Für ein solches Screening bei Menschen ab 65 spricht sich zum Beispiel in einem sogenannten „White Paper“ die AF-SCREEN International Collaboration aus. In dem internationalen Verbund AF-SCREEN haben sich über 100 Kardiologen, Neurologen, Hausärzte, Gesundheitsökonomen, Krankenschwestern, Apotheker und Vertreter von Patienten-Organisationen aus 33 Ländern zusammengeschlossen. Partner des Verbundes sind laut dessen Webseite unter anderen das Medizintechnik-Unternehmen Medtronic die Pharmaunternehmen Bayer, Pfizer, Bristol-Meyers Squibb, Servier und Boehringer Ingelheim.

Wenn ältere Menschen flächendeckend auf Vorhofflimmern untersucht würden, könnten damit weltweit hunderttausende Schlaganfälle verhindert werden, argumentieren die Mitglieder des internationalen Gremiums. Vorhofflimmern sei Ursache für ein Drittel aller Schlaganfälle. Dabei verlaufe Vorhofflimmern relativ häufig ohne Symptome. Bei etwa zehn Prozent aller Schlaganfälle sei  es vorher nicht bekannt gewesen. Außerdem: „Durch Vorhofflimmern verursachte Schlaganfälle sind ausgedehnter und schwerer und fordern mehr Todesopfer als andere Schlaganfälle. Ein Screening kann gefährdete Personen davor schützen, überhaupt einen solchen zu erleiden“, erläuterte AF-SCREEN-Mitglied Professorin Renate Schnabel vom Universitären Herzzentrum Hamburg und vom Deutschen Zentrum für Herz-Kreislauf-Forschung.

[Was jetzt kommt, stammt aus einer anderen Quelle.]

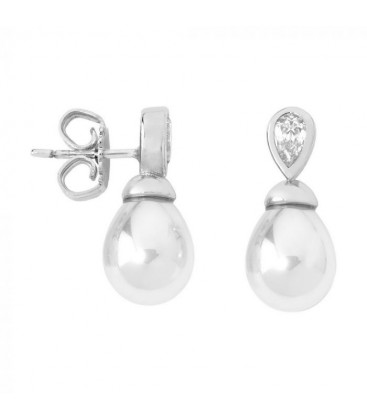 Pendientes Auva plata con perla lágrima blanca 8mm y circonita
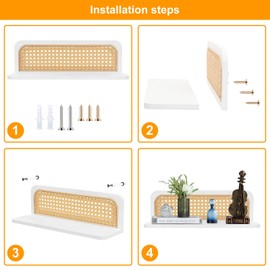 Yallmie 2PCS Rattan Floating Shelves, Handmade Floating Rattan Book Shelves Rattan Shelf Wall, Easy to Install, Decorative Wall Shelves for Bedroom for Office, Bedroom, Bathroom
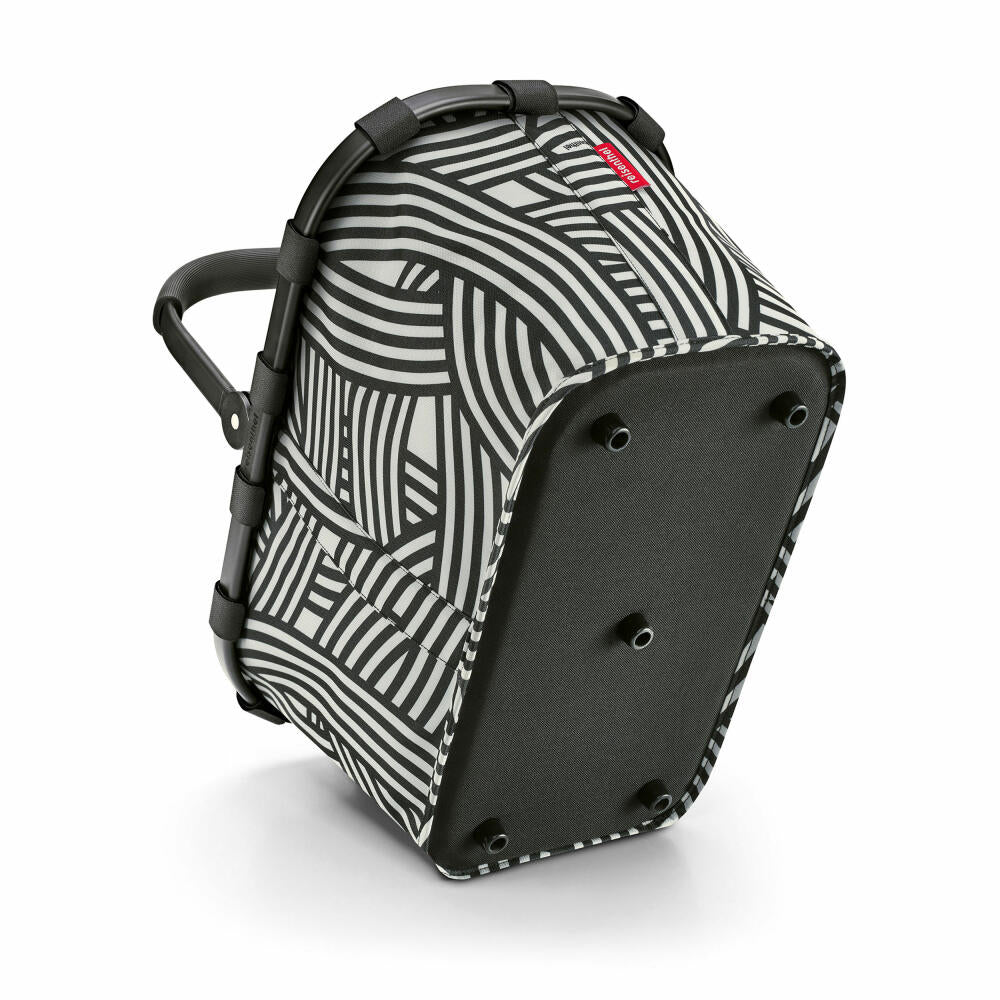 reisenthel carrybag with cover, 2-piece, shopping basket, lid, cover, basket, polyester fabric, Frame Zebra / black, 22 L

Die „U.S. Preventive Services Task Force“  sprach sich dagegen Ende des vergangenen Jahres gegen ein Screening auf Vorhofflimmern bei Menschen ab 65 Jahren aus: Die gegenwärtige wissenschaftliche Datenlage reiche nicht aus, um das Nutzen-Schaden-Verhältnis beurteilen zu können. Die Beurteilung der „US Preventive Services Task Force“ enthalte allerdings einige Fehler und Ungenauigkeiten, kommentierten die AF-Screen-WissenschaftlerAllerdings weisen auch sie auf die Gefahr von falsch positiven Befunden bei Screening mit Smartphone-EKGs und tragbaren Pulsmessern für den Verbraucher-Markt hin.

„Digitale Wächter"

Eine weitere Kernfrage, weit über die Kardiologie und Medizin hinausgehend, ist sicher auch die, wieviel „digitale Wächter“ in Gestalt von Schrittzählern, Fitnesstrackern und anderen smarten Lifestyle-Produkten wünschenswert und sinnvoll sind. Betreutes Wohnen im hohen Alter mag unausweichlich und auch sinnvoll sein. Betreutes Leben von Geburt an durch Digital-Health-Giganten und andere Unternehmen ist weder unausweichlich noch sinnvoll und wünschenswert. Aber das kann man natürlich auch anders sehen.